AAR, Unions Spar Over Brake Inspection Waiver

The railroad industry is pushing the Federal Railroad Administration to allow unit freight trains to travel up to 2,600 miles between air brake inspections.

FRABut the proposal being pushed by the Association of American Railroads is being resisted by the Brotherhood of Locomotive Engineers and Trainmen.

The AAR wants the FRA grant a waiver so railroads can check if wheel temperature detectors can replace a mandatory visual inspection.

The pilot program would be undertaken on the Union Pacific on coal trains operating between the Powder River Basin of Wyoming and an unloading terminal in White Bluff, Arkansas.

Under current federal law, the air brakes on a unit train must be inspected every 1,500 miles.

Wheel detectors measure temperature of the entire wheel and railroad industry officials argue that an abnormal wheel temperature reading is a more accurate measurement of whether the braking system is working.

They note that a visual inspection does not take temperature into consideration.
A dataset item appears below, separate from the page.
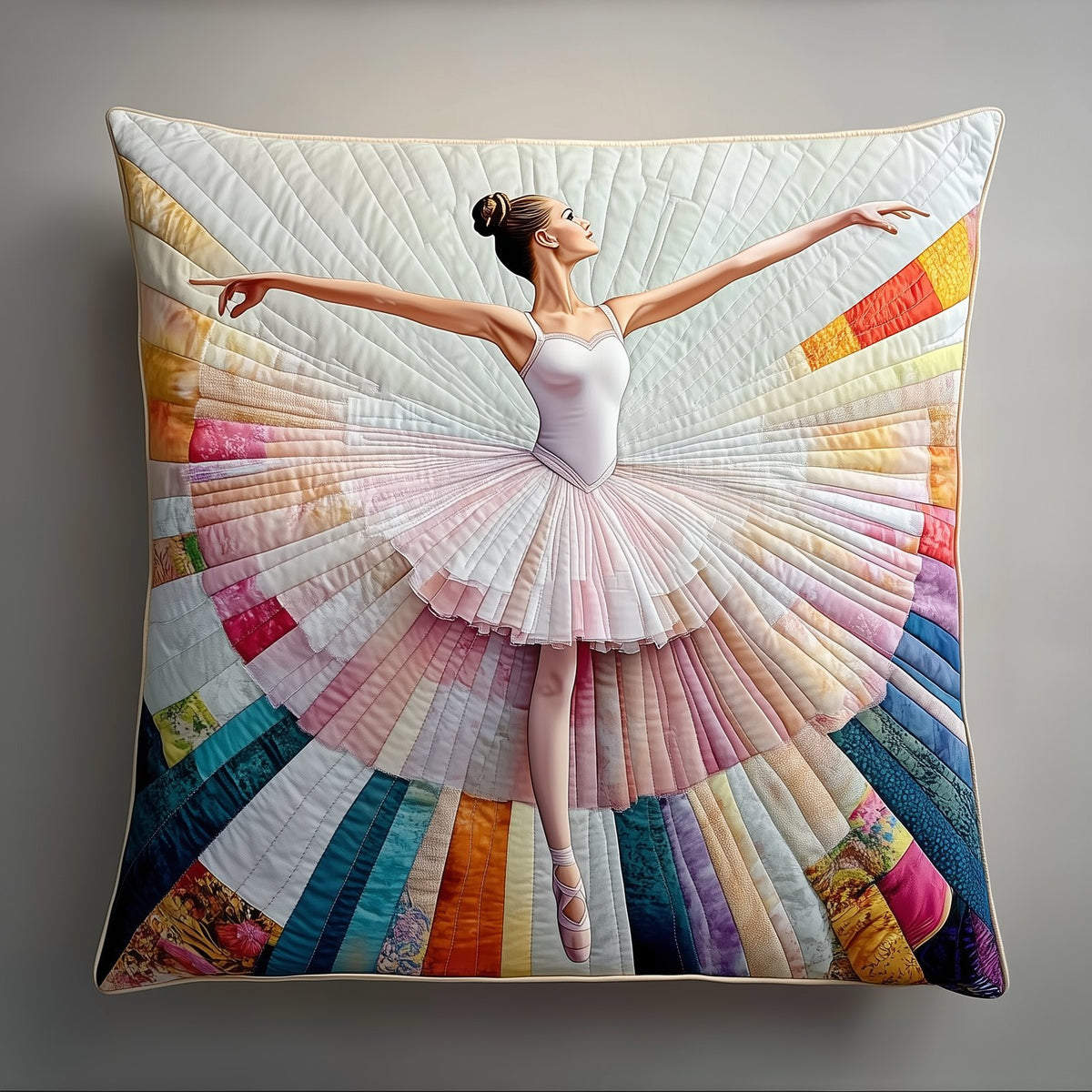 Ballerina Girl Quilted Cushion Cover printed cushion cover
Railroad hot box detectors measure the temperature of the wheel’s journal.

AAR contends that relying on wheel temperature detectors will increase employee safety.

The BLET, though, counters that using wheel temperature detectors to replace visual brake
inspections is a poor use of the technology.

“BLET believes [temperature detectors] should be deployed in the field and utilized for their intended use of examining wheel temperature in between terminals. [Detectors] should not, however, be used as a pretext for dodging regulatory safety standards,” said Vincent G. Verna, BLET’s regulatory affairs director.

The Sheet Metal, Air, Rail, and Transportation Union, Transportation Division officials are also asking the FRA to deny the AAR’s request.

The FRA will be taking comments on the AAR proposal through Oct. 13. A decision is not expected for several months after that.